IMO should be a two phase(maybe 2.5) system, 1st phase is safety and efficacy for one year, second phase 1.5 years tested similar to a phase III.

then limited release for a year for safety purposes(say in select big markets), then full release after that.

right now it's alot of phase I/II, then IIb, the IIb again! then III and bam 5 years go by with barely anything done!!!

----------


## StinkySmurf

> yeah right


 it depends on what you want to call a libertarian I guess.  If your definition is someone who wants a less cumbersome FDA, then I would say the chances are better than 50/50 that a libertarian is elected to the white house in 2016.

I think the rules even relaxed under Obama for life threatening conditions so it's not a shocker

----------


## young

What I don't understand is why the FDA is having such a big part in this. There are far more advanced and efficient countries than the US... 

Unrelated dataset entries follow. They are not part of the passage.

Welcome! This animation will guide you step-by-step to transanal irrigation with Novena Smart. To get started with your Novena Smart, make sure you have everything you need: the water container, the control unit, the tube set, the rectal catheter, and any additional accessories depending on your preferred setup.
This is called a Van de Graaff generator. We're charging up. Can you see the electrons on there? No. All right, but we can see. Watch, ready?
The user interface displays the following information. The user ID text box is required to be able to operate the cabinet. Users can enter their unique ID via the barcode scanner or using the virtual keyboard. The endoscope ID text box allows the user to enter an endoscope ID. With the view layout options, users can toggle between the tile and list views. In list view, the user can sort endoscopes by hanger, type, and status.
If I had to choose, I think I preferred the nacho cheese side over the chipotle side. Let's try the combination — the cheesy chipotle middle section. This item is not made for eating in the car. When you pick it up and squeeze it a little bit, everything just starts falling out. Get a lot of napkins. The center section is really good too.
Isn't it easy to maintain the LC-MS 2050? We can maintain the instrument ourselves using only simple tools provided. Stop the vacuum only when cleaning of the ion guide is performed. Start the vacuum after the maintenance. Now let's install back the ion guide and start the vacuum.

And what about the ones that arent? Surely, all these brilliant scientists could have labs in an obscure country where they can try out this stuff without all the bullshit. 

Now there's a thought... Lol. Some shady island... Go there to join the Hair Club. Just like Fight Club, except you get a NW0 instead of an ass whooping. 50k. 

No problemo!!!!

Just please someone find the solution so we can make you the richest person alive! I am not demanding anything like I am entitled to anything... But just think about it. Richest person alive. Richest person ever. 
Go on!!! You can do it!!

----------


## JJJJrS

I don't think there's any point worrying about things like release dates or cost when we don't even know if these treatments are effective. At these point, almost all the numbers and figures that have been released have been underwhelming.

----------


## Desmond84

OK guys, 

We are now in September 2013 and the cutting edge forum seems to have taken a dive slowly and bit by bit since March! 

When I look back, 2012 was definitely the year of *HOPE*  :Smile:  The positive energy on this forum was just magnificent. Aderans was about to enter Phase 3, while Histogen's Dr Ziering was talking about regrowing hair in the donor zone for new harvestation, and simultaneously Tokyo's Tsuji lab managed to create hair germs that could regrew hairs on skin to its complete natural density (in mice). Cosmo announced it will proceed with approval of CB-03-01 and Histogen's interim results were truly inspiring!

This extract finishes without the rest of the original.